AIM OF THE EXERCISE :: Once the line containing "For Nintendo Switch" is found in the data below, repeat it and every later line exactly, leaving the pictures out.
Content starts
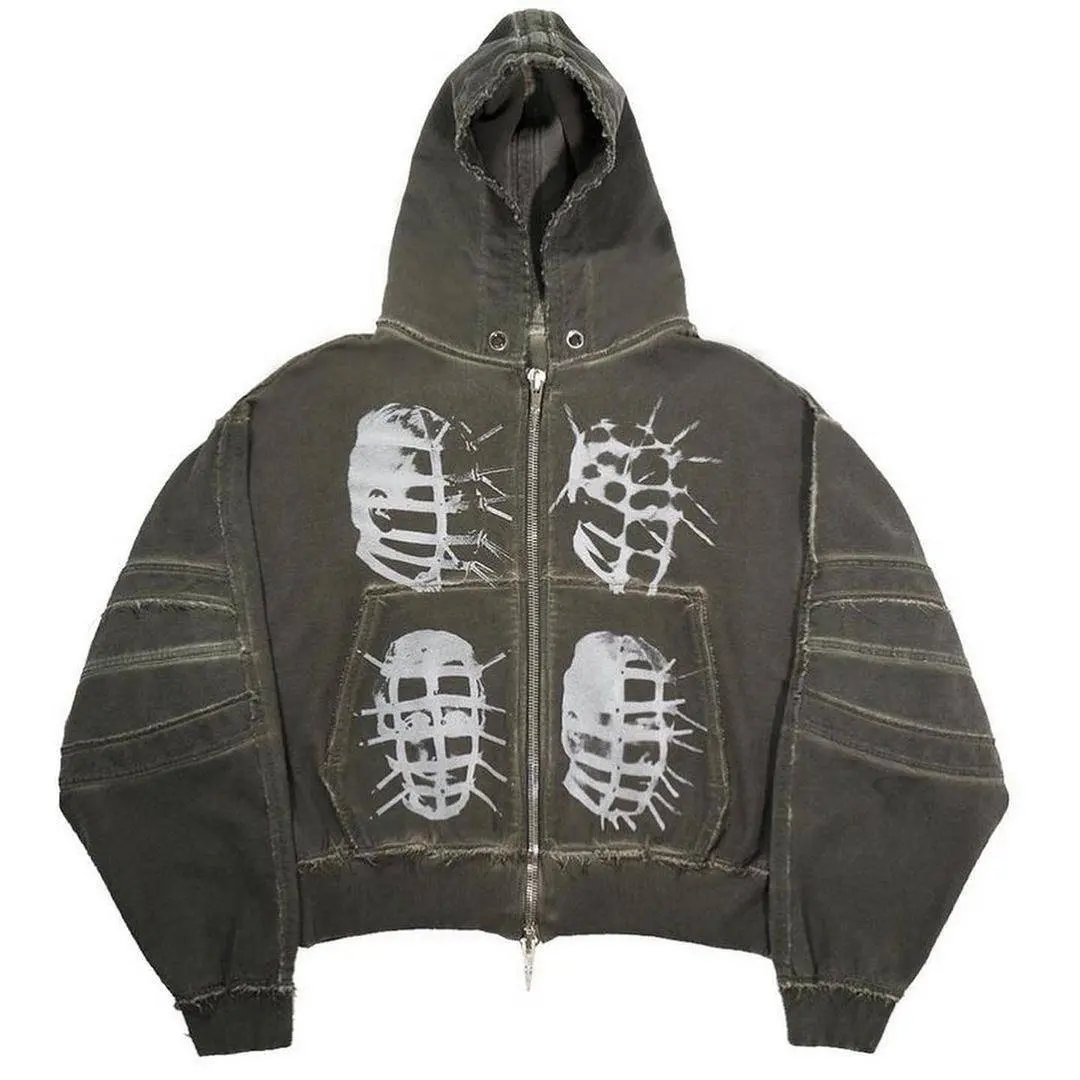 OEM custom printing pattern alta qualità Vintage acid wash distressed skeleton zip up felpa con cappuccio in cotone organico giacca da uomo firmata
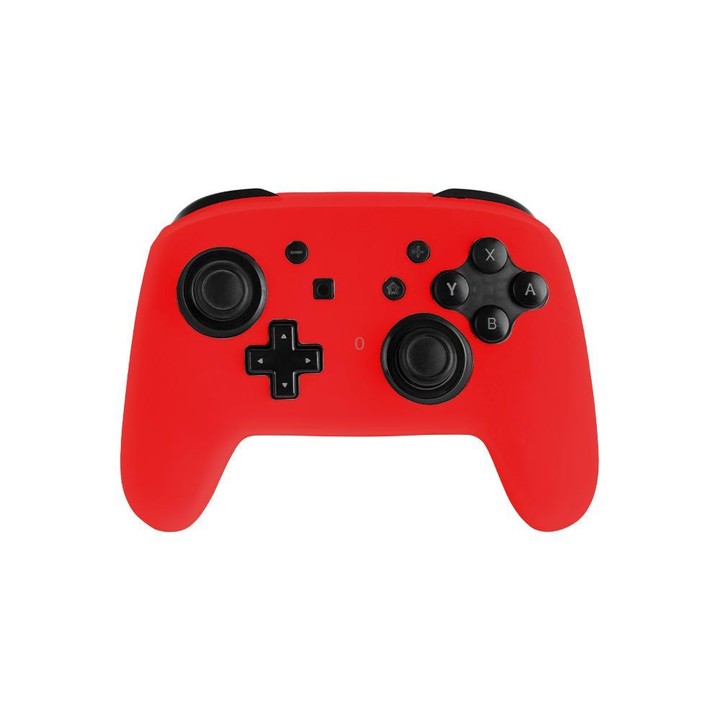 For Nintendo Switch Pro Game Handle Solid Color Silicone Protective Cover(Red)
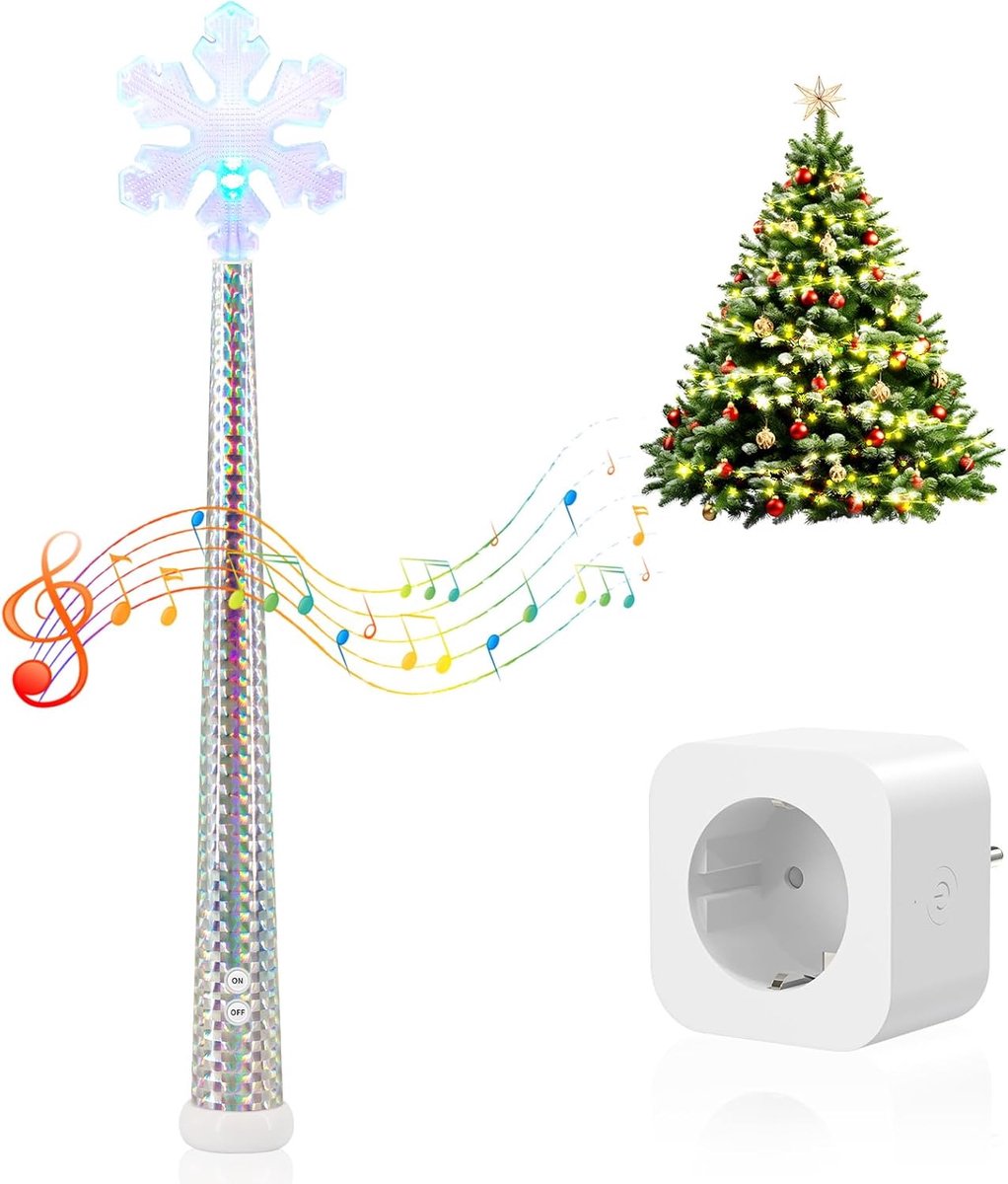 Toverstaf met RGB en muziek, draadloos stopcontact met afstandsbediening voor lichtkettingen en kerstdecoratie, 30 m - ShopVlot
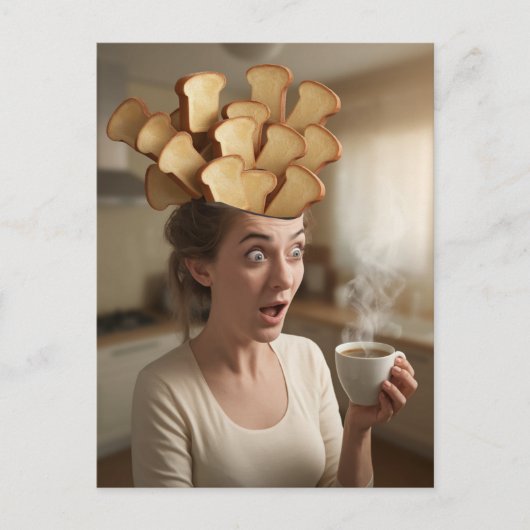 Surreal Toast Head Frühstück Frau mit Kaffee Postkarte (Vorderseite)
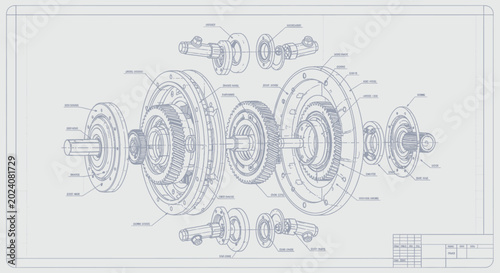 Detailed Blueprint of a Complex Mechanical Assembly.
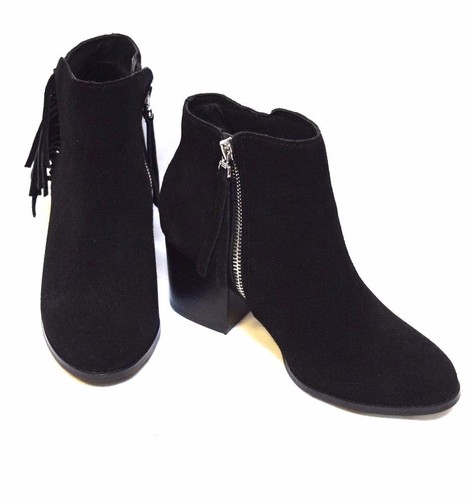 black suede round toe booties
Content ends
WRITTEN RESPONSE ::
 For Nintendo Switch Pro Game Handle Solid Color Silicone Protective Cover(Red)
 Toverstaf met RGB en muziek, draadloos stopcontact met afstandsbediening voor lichtkettingen en kerstdecoratie, 30 m - ShopVlot
 Surreal Toast Head Frühstück Frau mit Kaffee Postkarte (Vorderseite)
 Detailed Blueprint of a Complex Mechanical Assembly.
 black suede round toe booties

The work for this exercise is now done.